++++ TASK MATERIAL
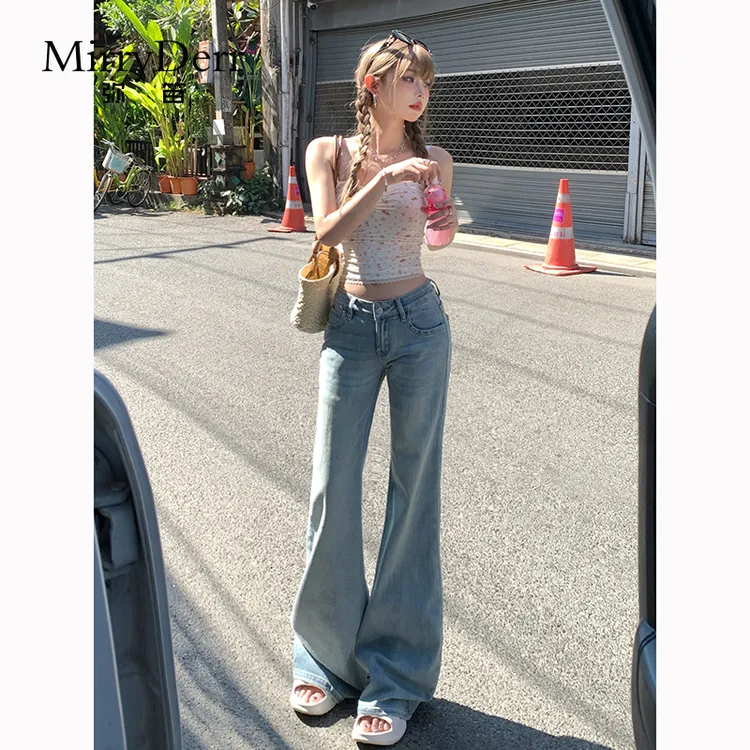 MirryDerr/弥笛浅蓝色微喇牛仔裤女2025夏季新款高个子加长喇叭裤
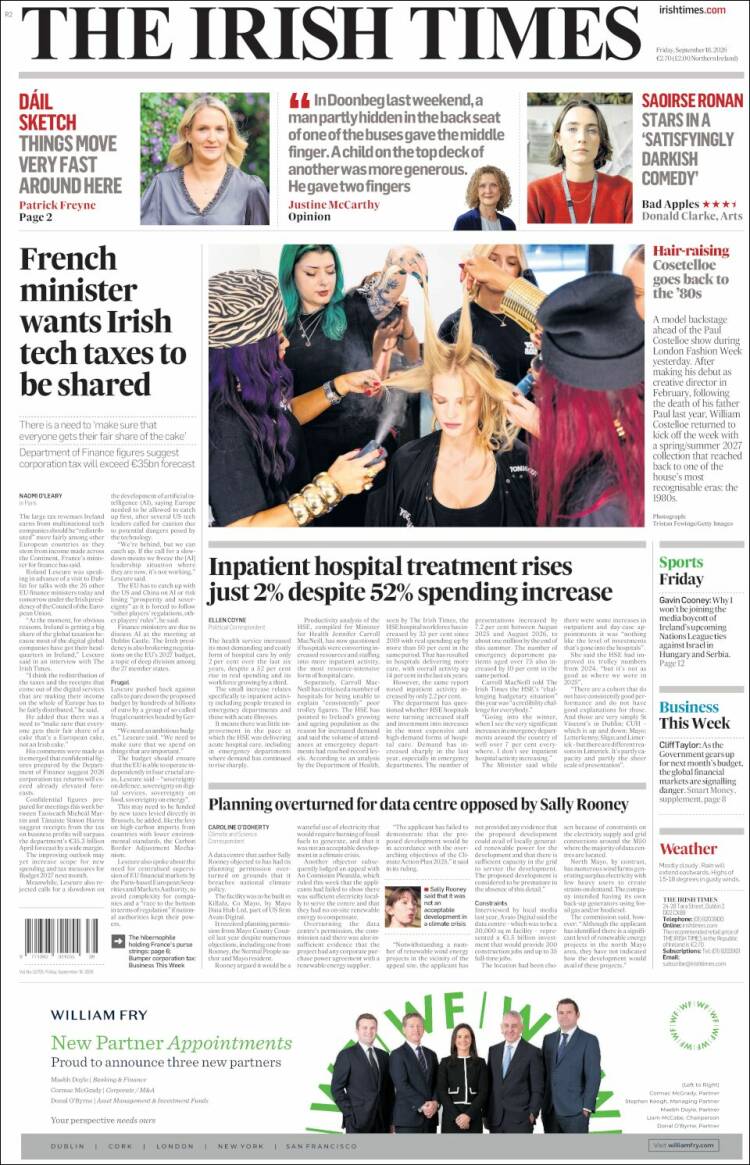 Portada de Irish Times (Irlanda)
++++++++
++++ TASK MATERIAL
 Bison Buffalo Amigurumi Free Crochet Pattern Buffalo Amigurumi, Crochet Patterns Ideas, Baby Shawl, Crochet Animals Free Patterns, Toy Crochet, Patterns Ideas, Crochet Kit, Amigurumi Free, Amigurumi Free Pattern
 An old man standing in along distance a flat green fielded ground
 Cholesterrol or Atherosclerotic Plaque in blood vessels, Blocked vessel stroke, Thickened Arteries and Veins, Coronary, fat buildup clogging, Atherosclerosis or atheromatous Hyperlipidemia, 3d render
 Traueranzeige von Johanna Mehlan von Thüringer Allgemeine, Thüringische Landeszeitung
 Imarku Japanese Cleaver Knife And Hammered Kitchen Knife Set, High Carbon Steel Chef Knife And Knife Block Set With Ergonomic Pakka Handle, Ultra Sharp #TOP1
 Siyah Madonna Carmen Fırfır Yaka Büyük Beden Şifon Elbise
++++++++
EXERCISE REQUIREMENTS:
What is asked for is an exact copy of the lines above from the one containing "Imarku Japanese Cleaver" through the one containing "Siyah Madonna Carmen", and only those.

SOLUTION TO THE PROBLEM:
 Imarku Japanese Cleaver Knife And Hammered Kitchen Knife Set, High Carbon Steel Chef Knife And Knife Block Set With Ergonomic Pakka Handle, Ultra Sharp #TOP1
 Siyah Madonna Carmen Fırfır Yaka Büyük Beden Şifon Elbise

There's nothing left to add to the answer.